Authors: Charles Wheelan
The same basic idea is now being used to protect against terrorism. The World Football Federation, which governs international soccer, insured the 2006 World Cup against disruption due to terrorism (and other risks) by issuing $260 million in “cancellation bonds.” If the tournament went off without a hitch (as it did), the investors get their capital back along with a handsome profit. If there had been a disruption serious enough to cancel the World Cup, the investors lose some or all of their money, which is used instead to compensate the World Football Federation for the lost revenue. The beauty of these products lies in the way they spread risk. The party selling the bonds avoids ruin by sharing the costs of a natural disaster or a terrorist attack with a broad group of investors, each of whom has a diversified portfolio and will therefore take a relatively small hit even if something truly awful happens.
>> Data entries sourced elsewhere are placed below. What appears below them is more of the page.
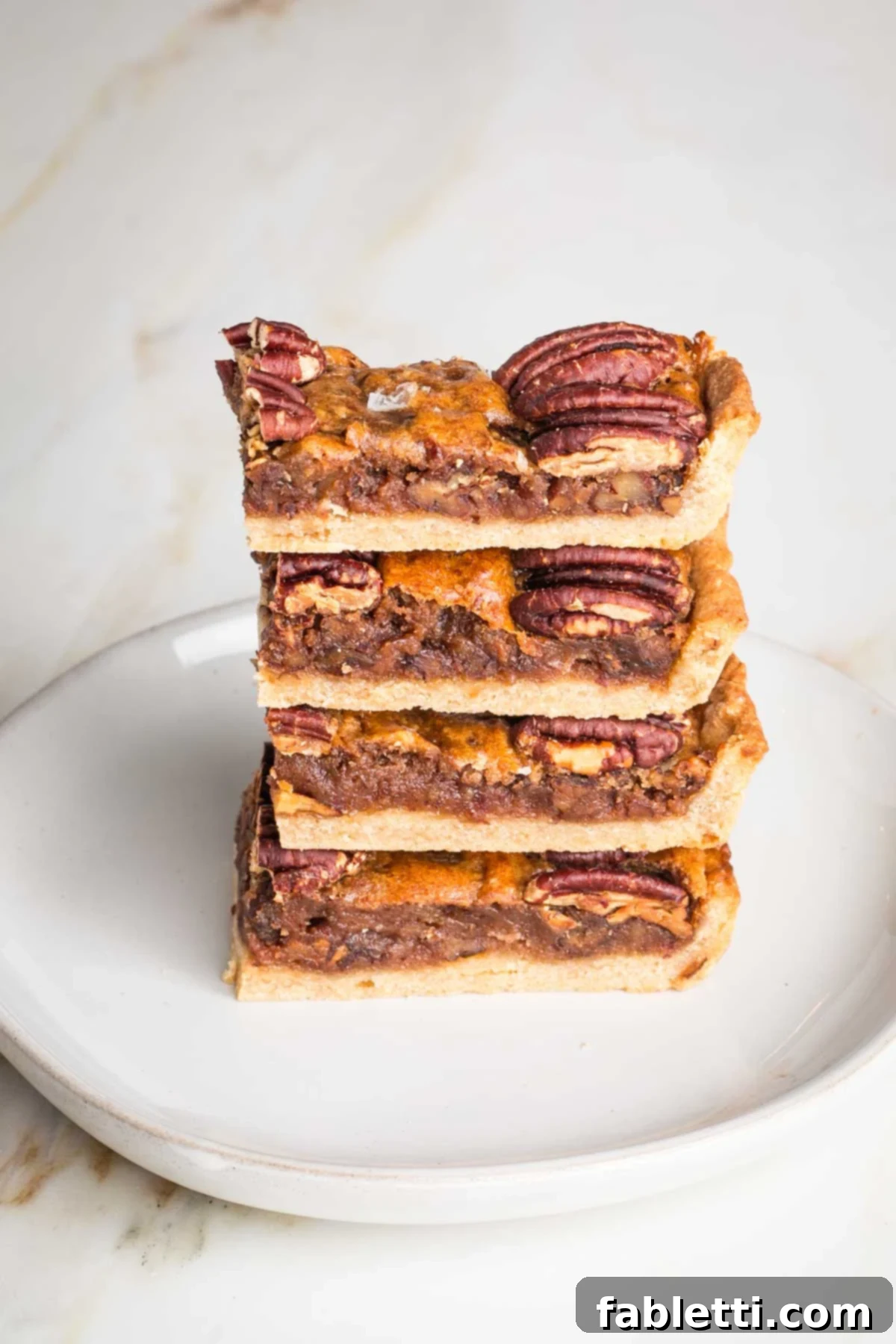 Naturally Sweetened Vegan Pecan Pie Bars 2 Side view of a stack of pecan pie bars, showing layers of crust, chewy filling and pecans on top.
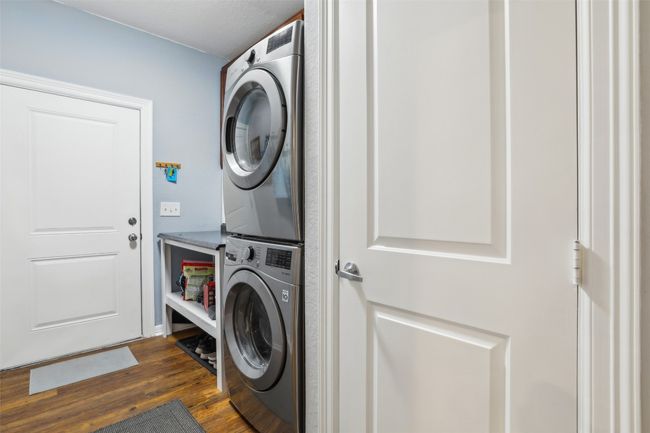 Laundry room featuring stacked washer / drying machine, wood plank laminate flooring, and laundry area | Image 16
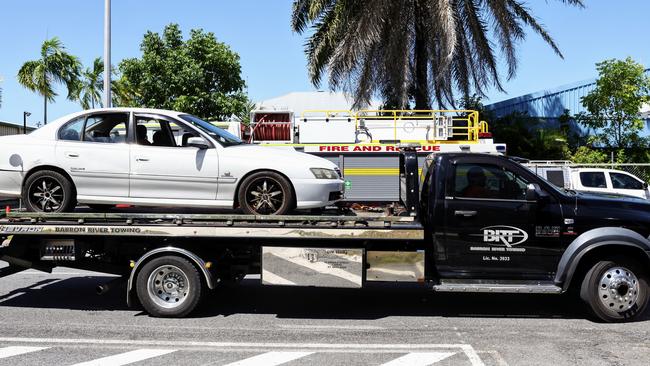 Queensland Police and Queensland Fire Department officers respond to an emergency at the General Aviation area of the Cairns Airport, where a man suffered life threatening injuries after being crushed by a car in the carpark of Hinterland Aviation. The car is removed from the Hinterland Aviation carpark. Picture: Brendan Radke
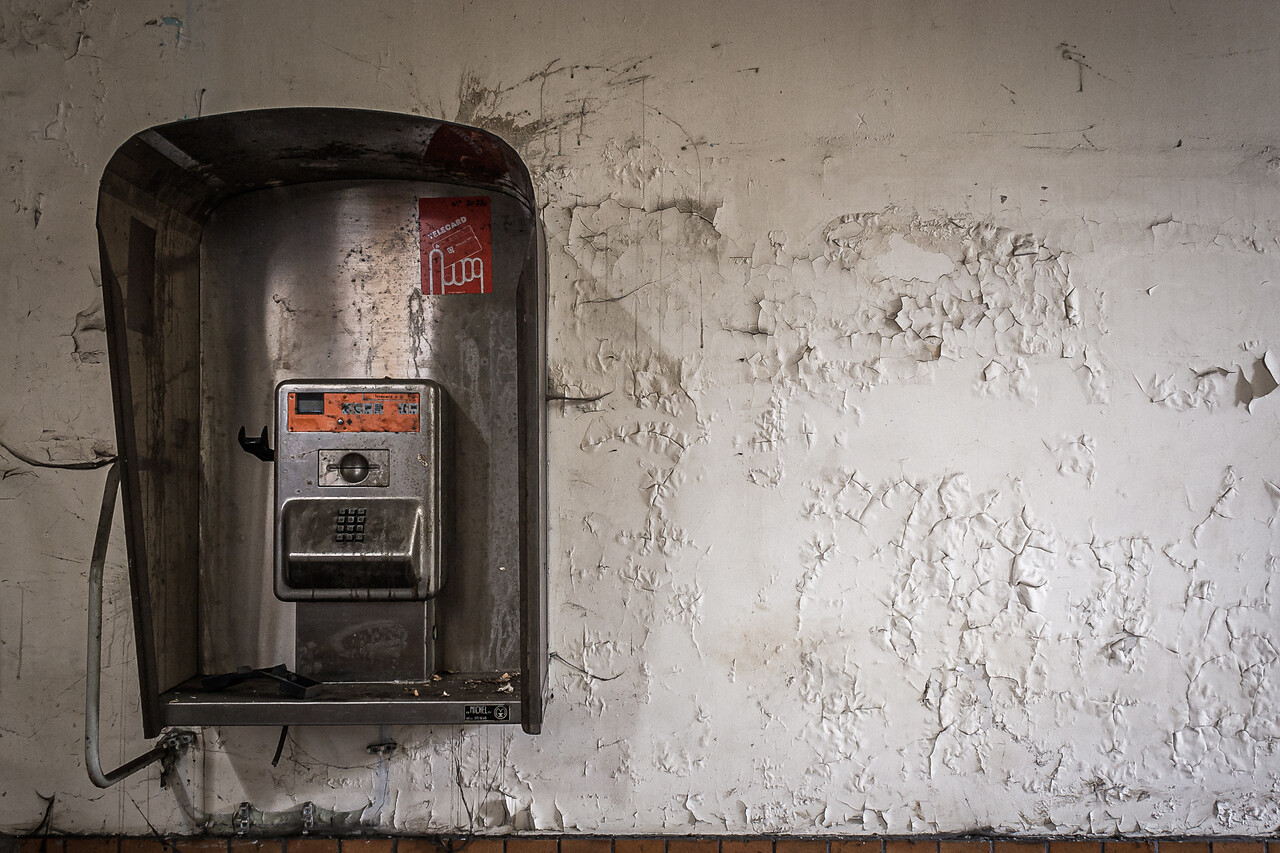 Ancienne cabine téléphonique Belgacom accrochée à un mur.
Indeed, one role of the financial markets is to allow us to spread our eggs around generously. I must recount one of those inane experiences that can happen only in high school. Some expert in adolescent behavior at my high school decided that students would be less likely to become teen parents if they realized how much responsibility it required. The best way to replicate parenthood, the experts reckoned, would be to have each student carry an egg around school. The egg represented a baby and was to be treated as such—handled delicately, never left out of sight, and so on. But this was high school. Eggs were dropped, crushed, left in gym lockers, hurled against the wall by bullies, exposed to secondhand smoke in the bathrooms, etc. The experience taught me nothing about parenthood; it did convince me forever that carrying eggs is a risky proposition.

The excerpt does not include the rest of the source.